At a Glance
- Tasks: Build and maintain cloud data pipelines and drive innovation in analytics.
- Company: Leading UK retailer with a focus on data-driven solutions.
- Benefits: Competitive salary, personal growth opportunities, and supportive work culture.
- Why this job: Join a dynamic team and make an impact in the world of data.
- Qualifications: Experience with cloud technologies, SQL, and Python required.
- Other info: Exciting environment with opportunities for professional development.
The predicted salary is between 43200 - 72000 £ per year.
A leading UK retailer is seeking a skilled Data Engineer to develop reliable data solutions in the cloud. This role involves building and maintaining ETL pipelines, supporting colleagues in producing quality code, and driving innovation in data analytics.
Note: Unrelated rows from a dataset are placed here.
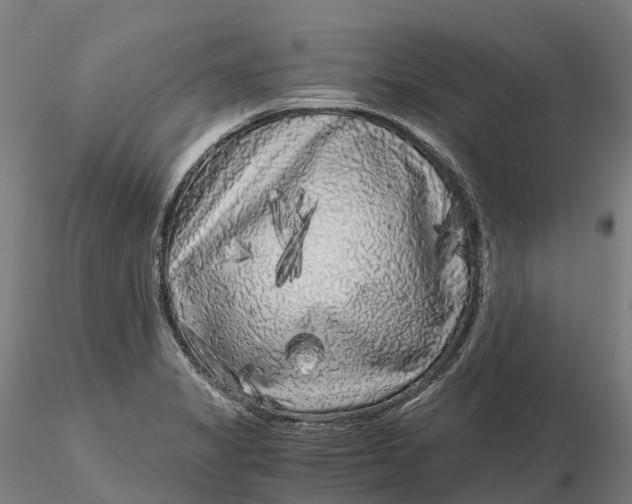 X0000115701325200912031456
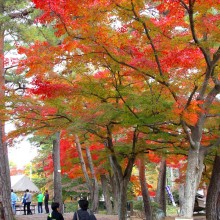 長瀞月の石もみじ公園紅葉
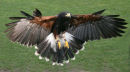 Harris Hawk (2)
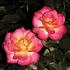 Country Music rose photo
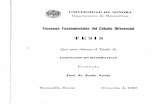Teoremas Fundamentales del Cálculo Diferencial TESIS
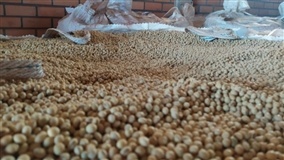 Apreendidas 450 ton de semente de soja pirata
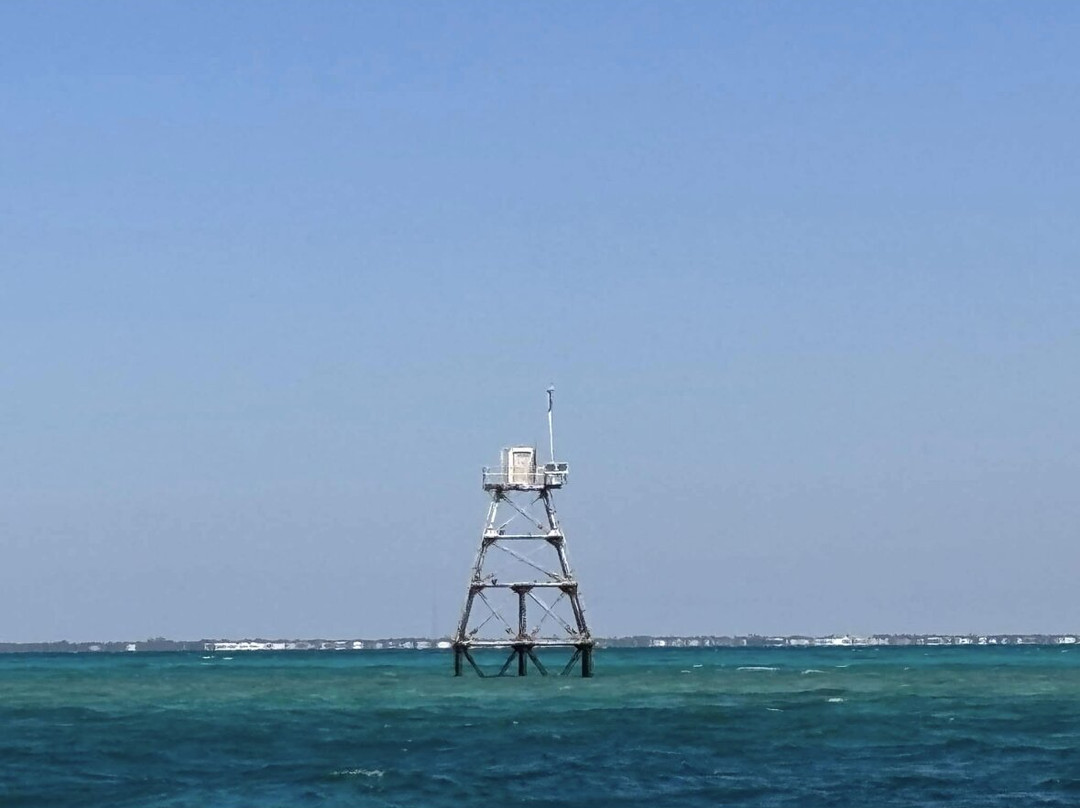 Conch Republic Divers-Tavernier必去景点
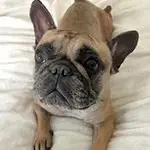 gizmo.webp gizmo.webp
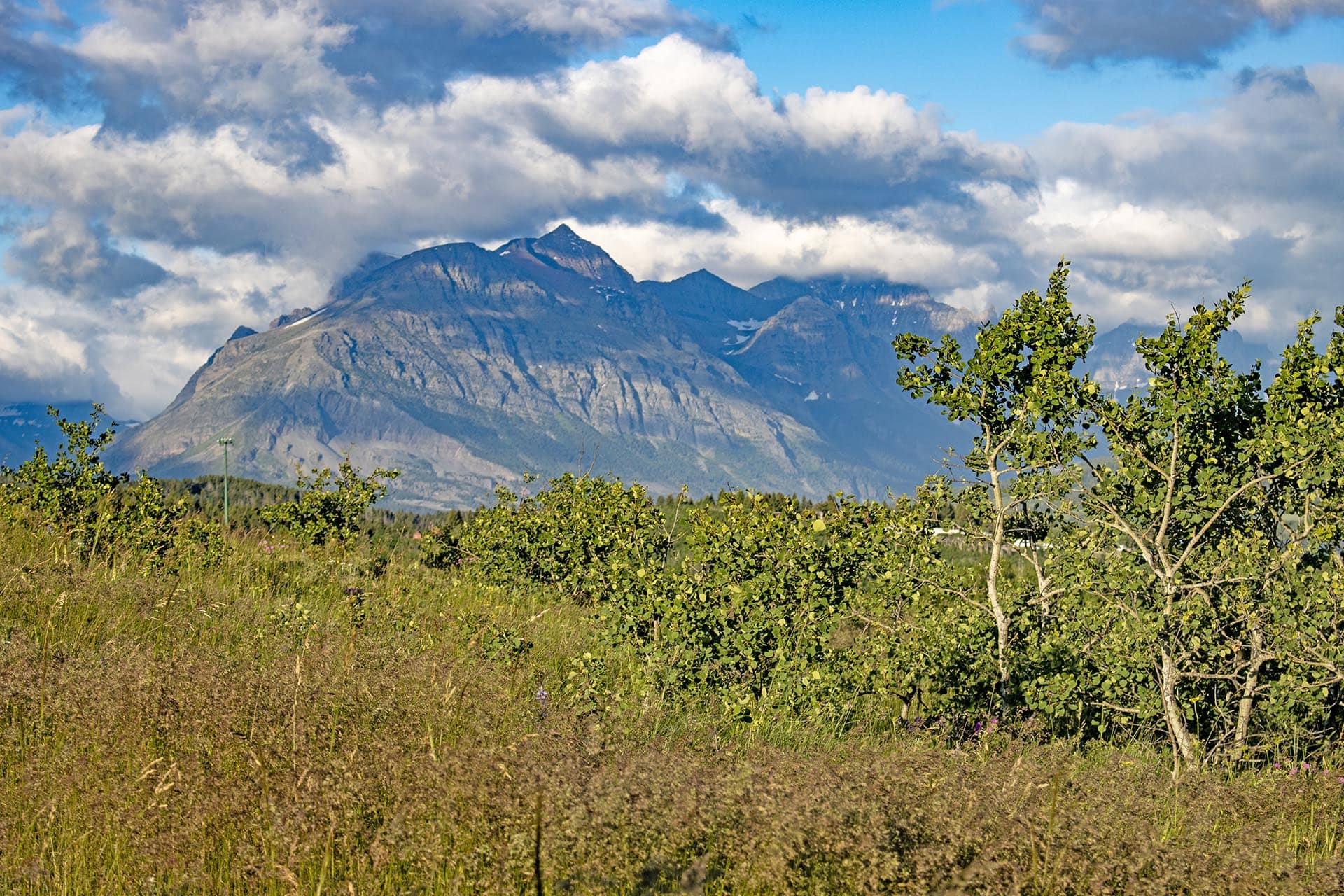 mountain view property land for sale montana st. mary overlook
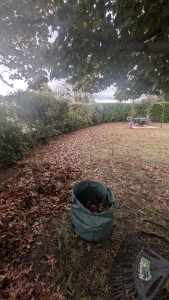 Photo de galerie - Le ramassage de feuilles est compatible avec l'avance immédiate au crédit d'impôt. ne payé que 50% de la facture! 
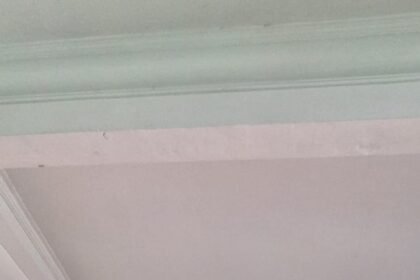 IMG 20250620 WA00361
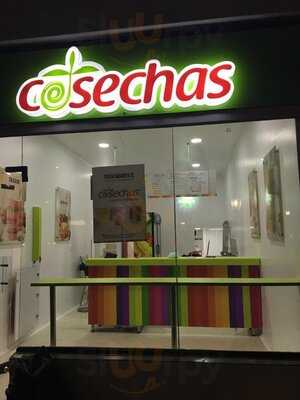 Cosechas Puente Largo / Pasadena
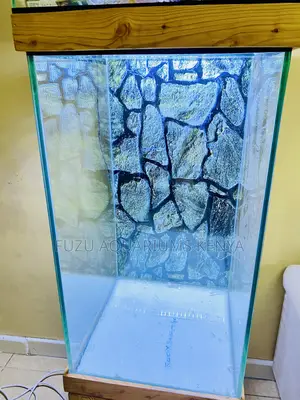 Luxury Aquarium With Fish – Plug Play Package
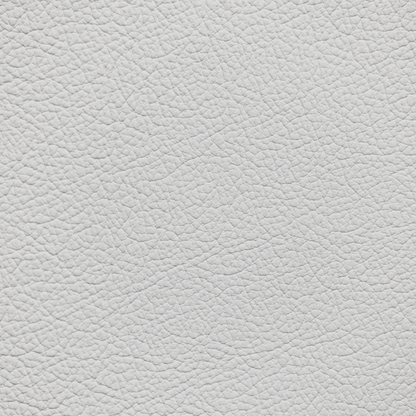 Mercedes Platinum Peal White Leather Dye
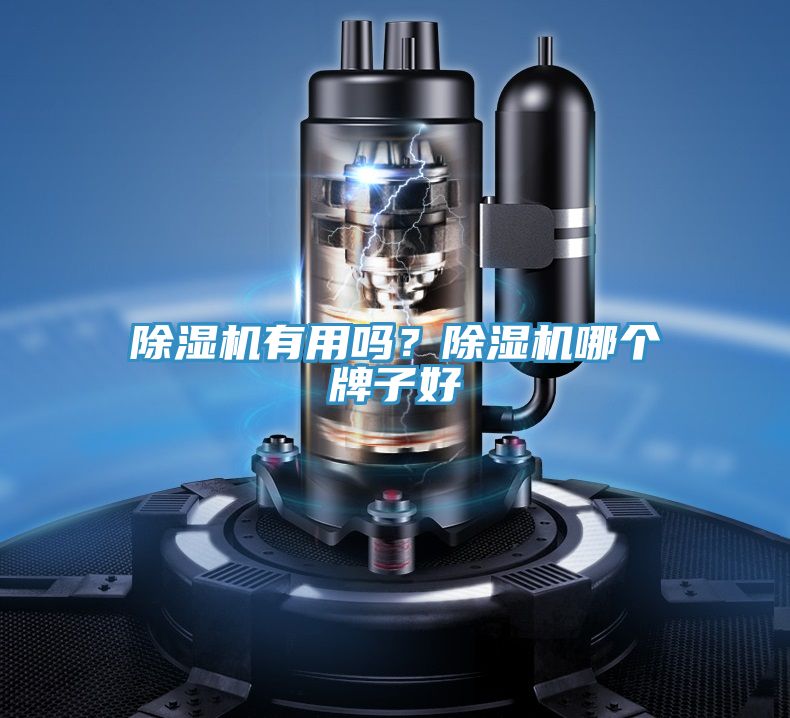 小黄片直播视频有用吗？小黄片直播视频哪个牌子好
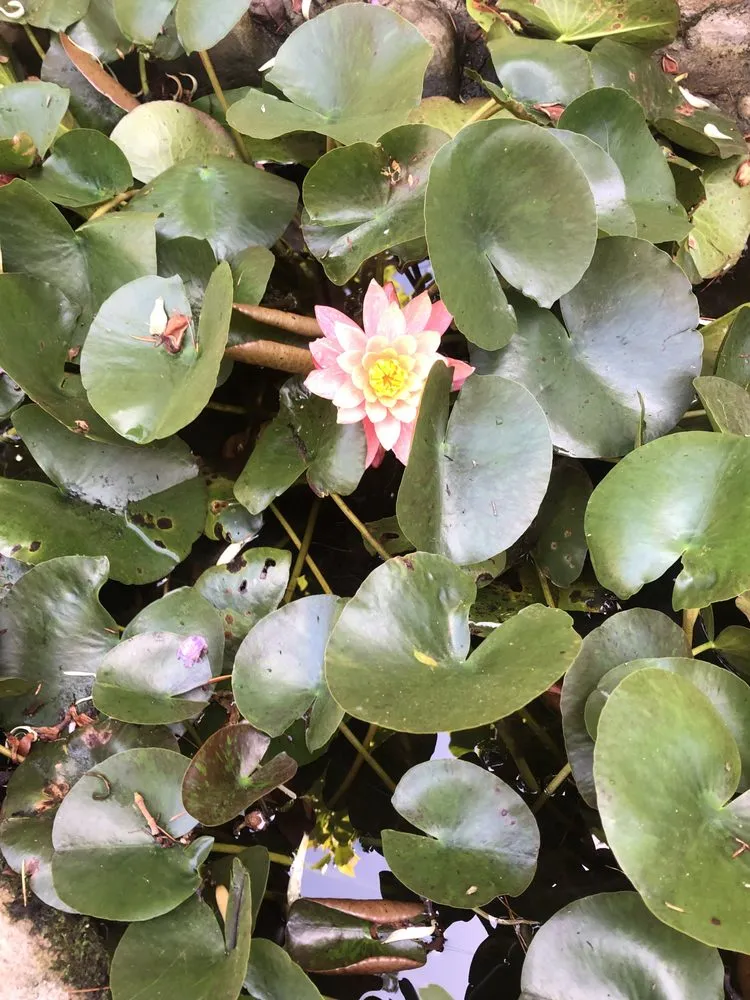 Trusted lawn care service for residential properties across Santa Barbara, CA - Aviz Landscape Of Santa Barbara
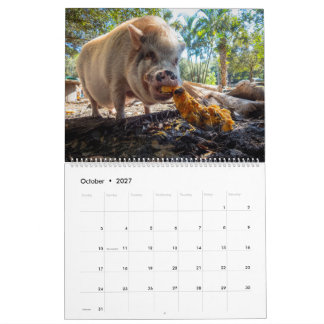 Peace Farm Sanctuary 2027 Kalender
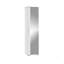 Baneen 8 Pair Shoe Storage Cabinet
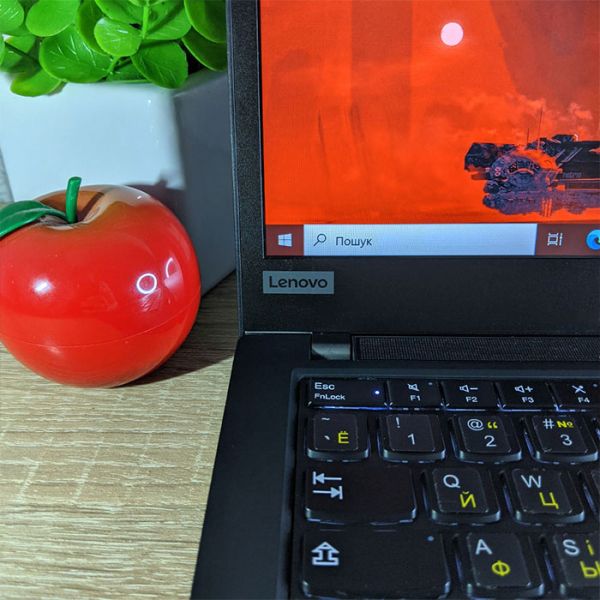 БУ Ноутбук Lenovo ThinkPad T495 14" FHD IPS Ryzen 3 PRO 3300U Vega 6 8GB + 256GB SSD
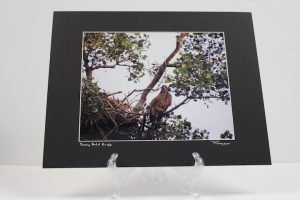 Pre-matted (Black) - Young Bald Eagle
The ideal candidate will have proven experience with cloud data technologies, SQL, and Python. This position offers a rewarding environment with competitive benefits aimed at fostering personal and professional growth.
Senior Data Engineer – Cloud Data Pipelines, ETL & Analytics employer: MARKS&SPENCER
Contact Detail:
MARKS&SPENCER Recruiting Team
StudySmarter Expert Advice 🤫
We think this is how you could land Senior Data Engineer – Cloud Data Pipelines, ETL & Analytics
✨Tip Number 1
Network like a pro! Reach out to your connections in the data engineering field, especially those who work with cloud technologies. A friendly chat can lead to insider info about job openings or even referrals.
✨Tip Number 2
Show off your skills! Create a portfolio showcasing your ETL pipelines and analytics projects. This gives potential employers a taste of what you can do and sets you apart from the crowd.
✨Tip Number 3
Prepare for interviews by brushing up on SQL and Python. We recommend doing mock interviews with friends or using online platforms to practice common data engineering questions.
✨Tip Number 4
Don’t forget to apply through our website! It’s the best way to ensure your application gets noticed. Plus, we love seeing candidates who are proactive about their job search.
We think you need these skills to ace Senior Data Engineer – Cloud Data Pipelines, ETL & Analytics
Some tips for your application 🫡
Tailor Your CV: Make sure your CV highlights your experience with cloud data technologies, SQL, and Python. We want to see how your skills align with the role of a Senior Data Engineer, so don’t be shy about showcasing relevant projects!
Craft a Compelling Cover Letter: Your cover letter is your chance to shine! Use it to explain why you’re passionate about data engineering and how you can contribute to our innovative environment. We love seeing enthusiasm and a personal touch!
Showcase Your Problem-Solving Skills: In your application, include examples of how you've tackled challenges in building ETL pipelines or improving data analytics. We’re looking for candidates who can drive innovation, so let us know how you’ve done that in the past!
Apply Through Our Website: We encourage you to apply directly through our website. It’s the best way for us to receive your application and ensures you’re considered for this exciting opportunity. Plus, it’s super easy!
How to prepare for a job interview at MARKS&SPENCER
✨Know Your Cloud Data Technologies
Make sure you brush up on your knowledge of cloud data technologies before the interview. Be ready to discuss your experience with specific platforms like AWS, Azure, or Google Cloud, and how you've used them to build ETL pipelines.
✨Showcase Your SQL and Python Skills
Prepare to demonstrate your SQL and Python expertise. You might be asked to solve a problem on the spot, so practice writing queries and scripts that showcase your ability to manipulate and analyse data effectively.
✨Emphasise Collaboration and Code Quality
Since the role involves supporting colleagues in producing quality code, be prepared to talk about your experience working in teams. Share examples of how you've contributed to code reviews or helped others improve their coding practices.
✨Drive Innovation in Data Analytics
Think about ways you've driven innovation in your previous roles. Be ready to discuss any projects where you implemented new tools or techniques in data analytics that improved processes or outcomes.